Ontem, num movimento que antecipa a posse de Trump como presidente e de Elon Musk como CEO dos Estados Unidos, Mark Zuckerberg anunciou mudanças nas políticas de moderação das plataformas Facebook, Instagram e Whatsapp, geridas pela Meta, sua corporação global. Segundo ele, essa atitude configura-se como uma volta às origens dos sites de redes sociais, que teriam surgido para “dar voz” às pessoas. Na prática, o empresário decidiu remover uma série de mecanismos de filtragem desenvolvidos nos últimos anos por força da pressão social democrática para impedir a propagação de mentiras. Mas não foi só isso. Ele também anunciou que irá reduzir o controle dos conteúdos políticos em suas plataformas e que irá agir alinhado à política externa do novo presidente americano, em busca de enfrentar o que chamou de “censura”.
Zuckerberg citou três territórios que quer enfrentar e apresentou suas razões para isso. Segundo ele, a Europa possui leis restritivas, que drenam a inovação; a China impede, dentro de suas fronteiras, a presença de suas empresas; e a América Latina é uma região onde a remoção de conteúdos ocorre na surdina através da atuação de tribunais secretos, numa alusão ao STF brasileiro. O movimento da Meta é geopolítico, baseado nessas falsas premissas apresentadas pelo seu CEO, e precisa ser respondido à altura. O que ocorre no Brasil não é secreto. Muito pelo contrário. É a aplicação de medidas baseadas em leis criadas para proteger nossa sociedade. Mais que nunca, fica evidente que a convivência pacífica com corporações cuja missão é a propagação de valores da extrema direita (portanto do fascismo) não é possível. Sim, enfrentar o poder político e econômico dessas plataformas golpistas não é um desafio simples, ainda mais por conta do uso intensivo de redes sociais feito no Brasil. Mas é a hora de fazer isso.

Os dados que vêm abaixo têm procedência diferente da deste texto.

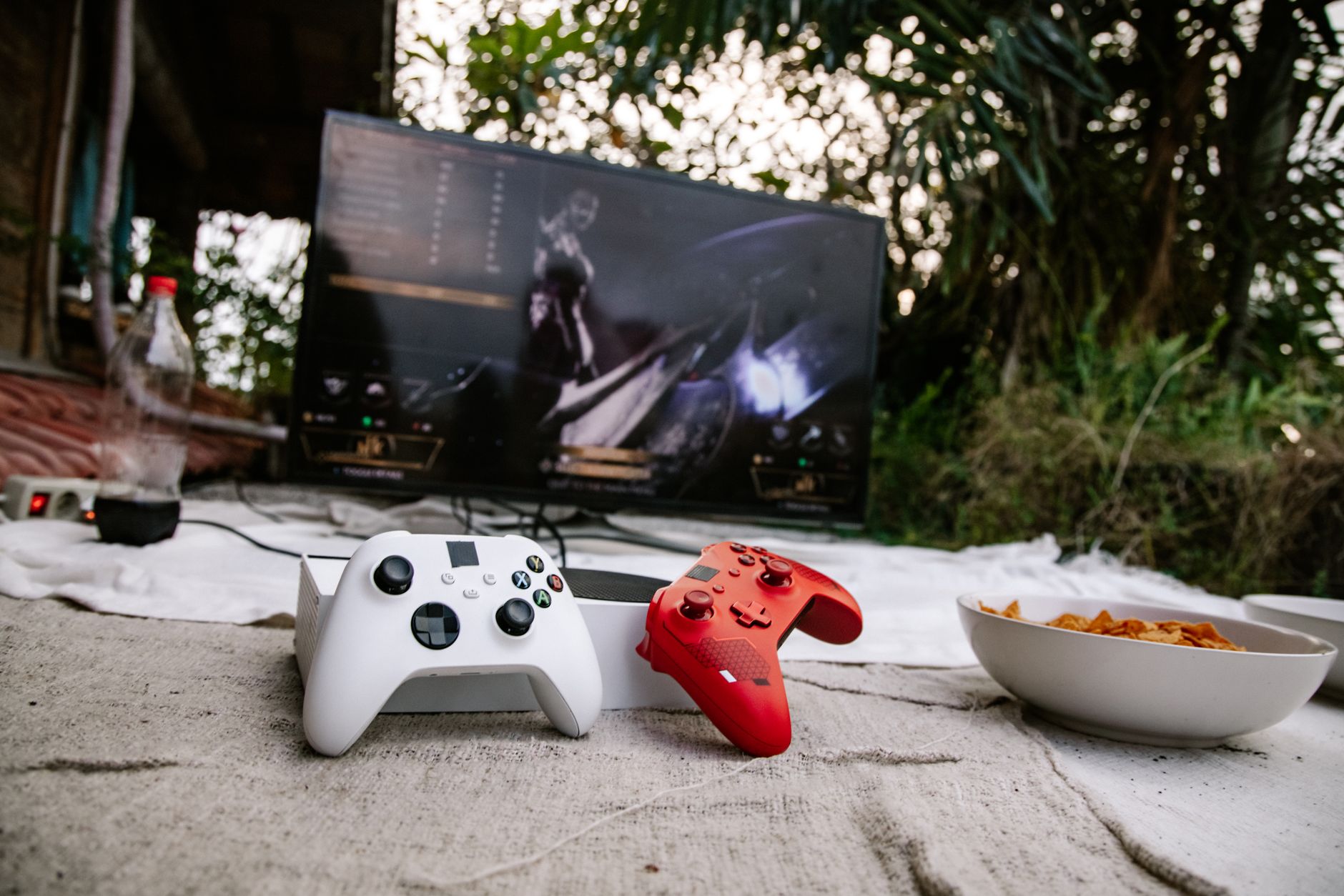 Outdoor gaming scene with controllers on a mat and a screen showing a video game.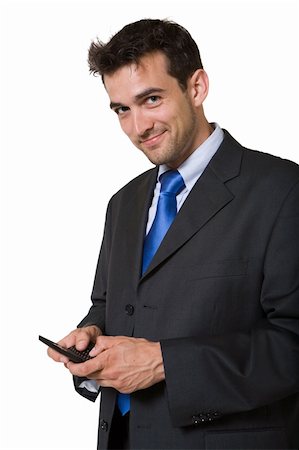 pager - Handsome brunette young smiling business man wearing business suit with blue tie holding a pager and looking at camera over white background Stock Photo - Budget Royalty-Free & Subscription, Code: 400-03995584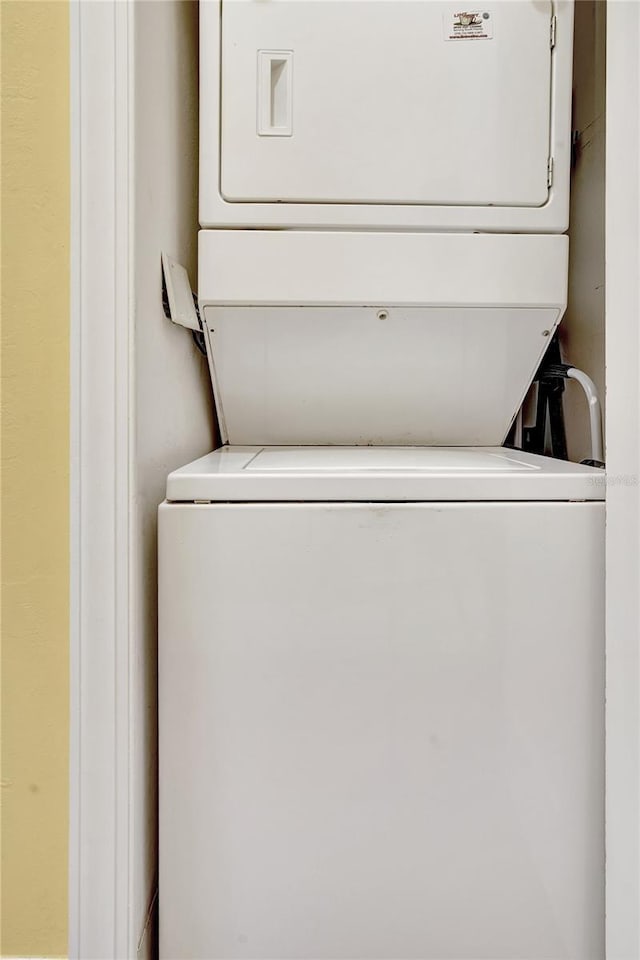 laundry area featuring stacked washer and clothes dryer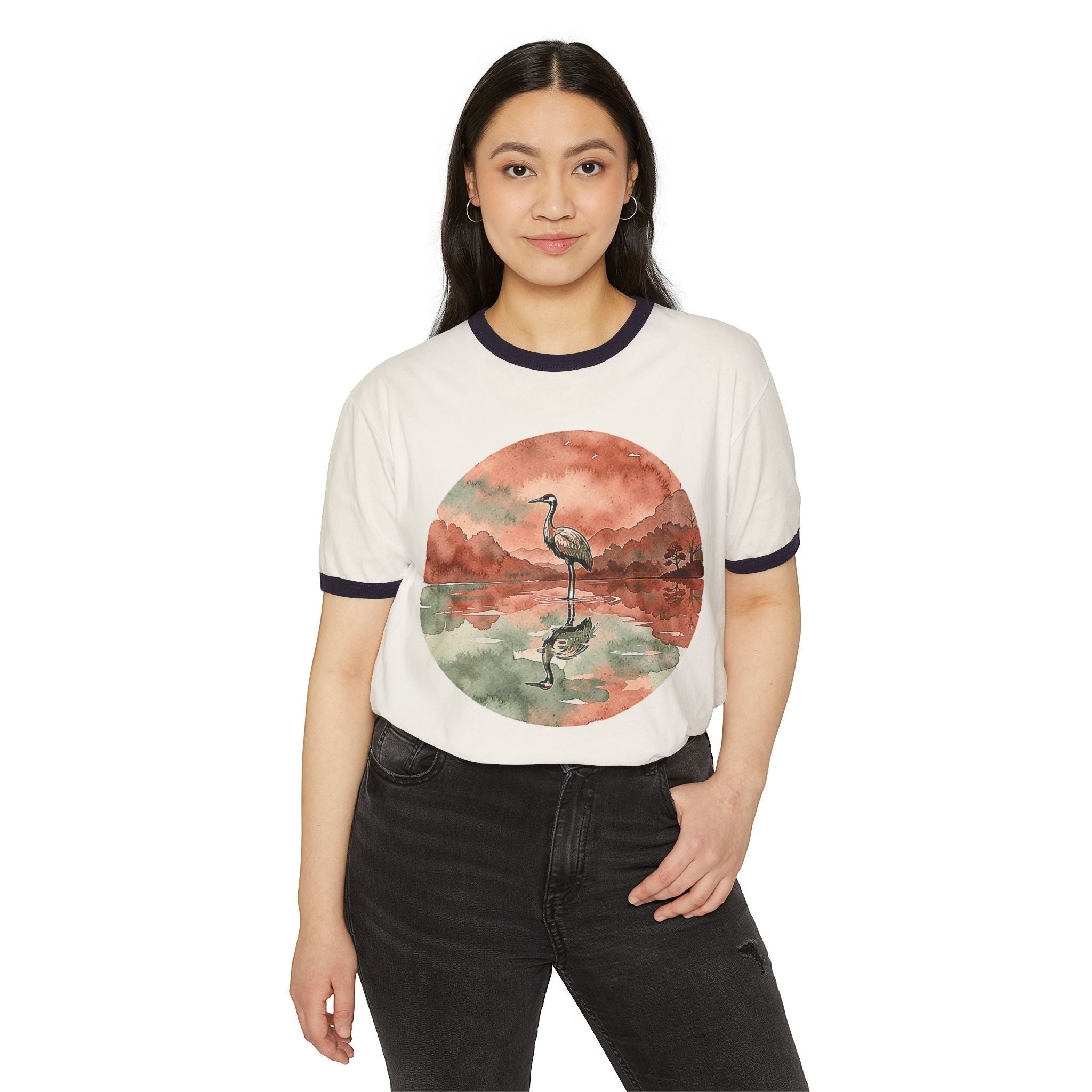 A woman wearing a Chromatic retro ringer tee featuring a watercolor crane reflecting in a pond on a white background.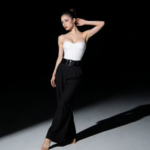 Elegant woman in white corset and black pants poses gracefully in studio lighting.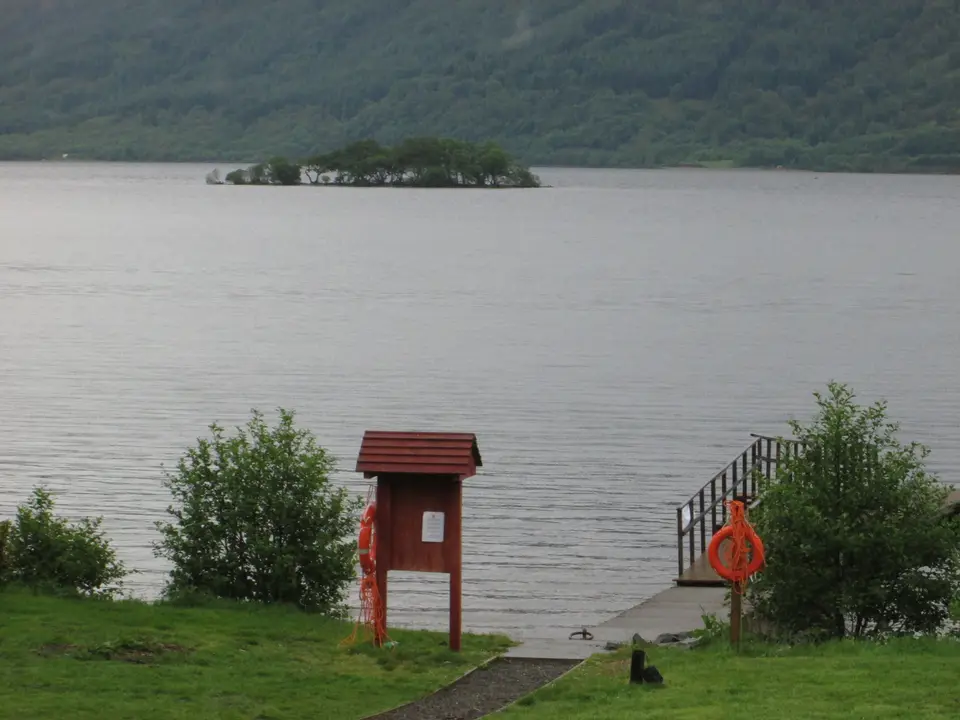 A jetty and information board on the Rowardennan shore, with a lifebuoy and a small wooded island on the loch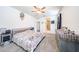 Well-lit bedroom with plush carpeting, ceiling fan, and a view of the en suite bathroom at 3482 N 300Th Dr, Buckeye, AZ 85396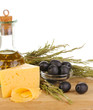 Black olives in white bowl with rosemary,olive oil and cheese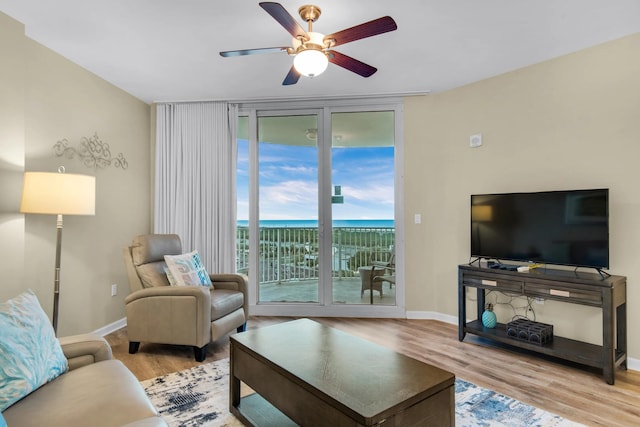 living room with a water view, ceiling fan, and light wood-type flooring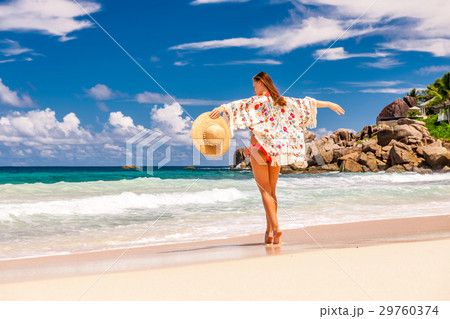 Woman with sarong on beach at Seychelles 29760374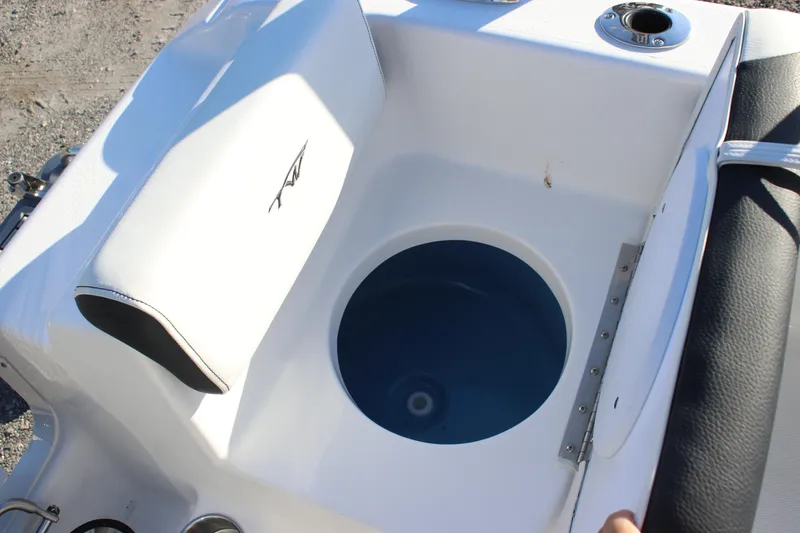 Slide: The Image of 2026 Tidewater 180 CC Adventure boat livewell with cushioned seating. - 25
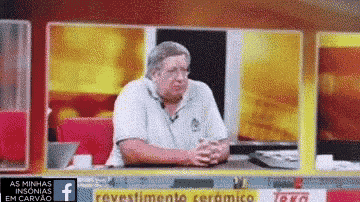 a man is sitting at a table with his hands folded in front of a sign that says ' revestimento ceramico '
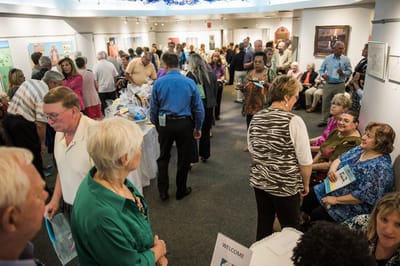 Residents and staff engaged in a lively event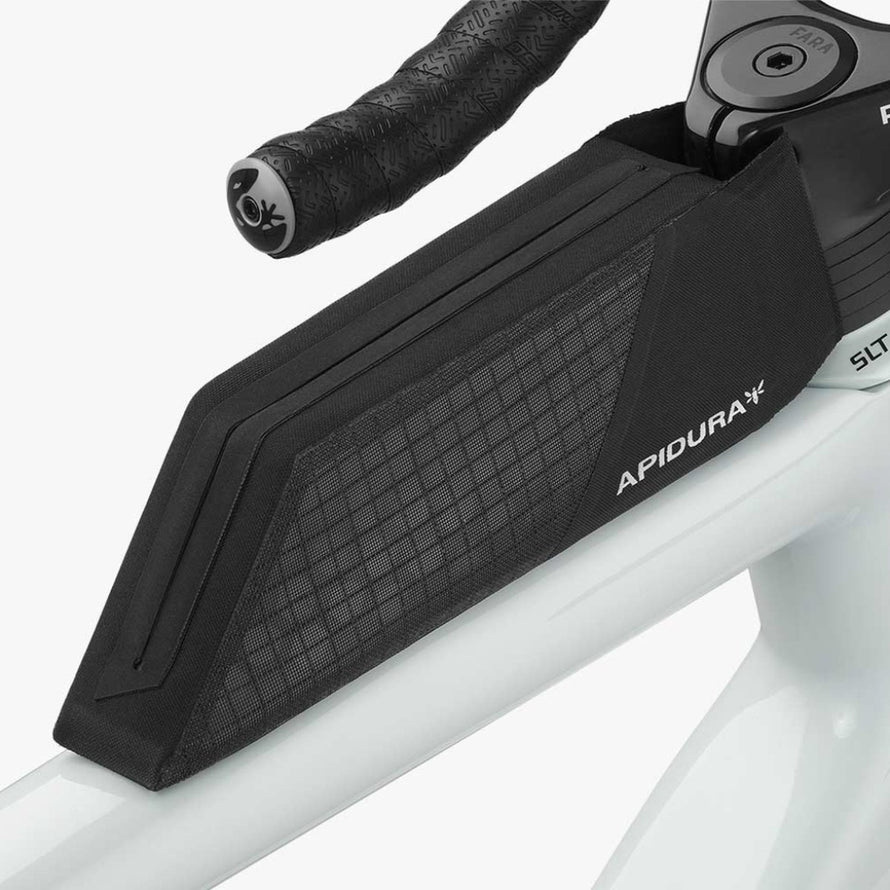Sacoche de tube Apidura Aero Bolt-On noire compacte avec fixation aero pour velo route et rangement optimisé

Como? Também precisamos de uma volta às origens. Às nossas origens. No início do primeiro governo de Lula, o Brasil se destacou por promover um discurso crítico e inovador sobre a internet, baseado em reconhecimento do potencial democratizante da rede mundial de computadores. A aliança criativa entre hackers e gestores públicos produziu uma visão de mundo que tinha como premissa a nossa soberania digital e a aposta no investimento público em robustas infraestruturas cidadãs. A falta de apoio estratégico para essa visão, somada aos movimentos globais de concentração de capital, impediu que pudéssemos ter, atualmente, um outro arranjo que não fosse tão dependente desses monstros corporativos que não respeitam leis democráticas. Mas a política é assim, dá suas voltas, e a declaração de guerra de Zuckerberg convoca o presidente Lula a dar uma resposta à altura.
O episódio da Praça dos Três Poderes, de dois anos atrás, está conectado com a declaração de Zuckerberg. São movimentos correlacionados articulados por uma onda global autoritária que, se não for combatida, resultará na destruição da nossa humanidade.
Por isso, presidente, chame pra perto os hackers e realize um grande encontro, o quanto antes, para pensar uma política soberana, do Brasil para o mundo. Temos inteligência acumulada neste país para fazer algo urgente, que resulte em um conjunto de ações cujo objetivo será promover a nossa independência digital. Neste cenário absurdo, presidente, políticas estratégicas seguem sendo articuladas por meio de grupos de Whatsapp. Provavelmente, seus ministros estão discutindo a declaração de guerra da Meta por meio de canais corporativos. Precisamos mudar isso. Lembre-se de sua luta pela liberdade de Assange. Do que nos ensinou Snowden, anos atrás. O senhor tem legitimidade para liderar esse processo e irradiar para o mundo uma resposta: não aceitamos que meninos mimados do Vale do Silício governem o planeta de forma antidemocrática.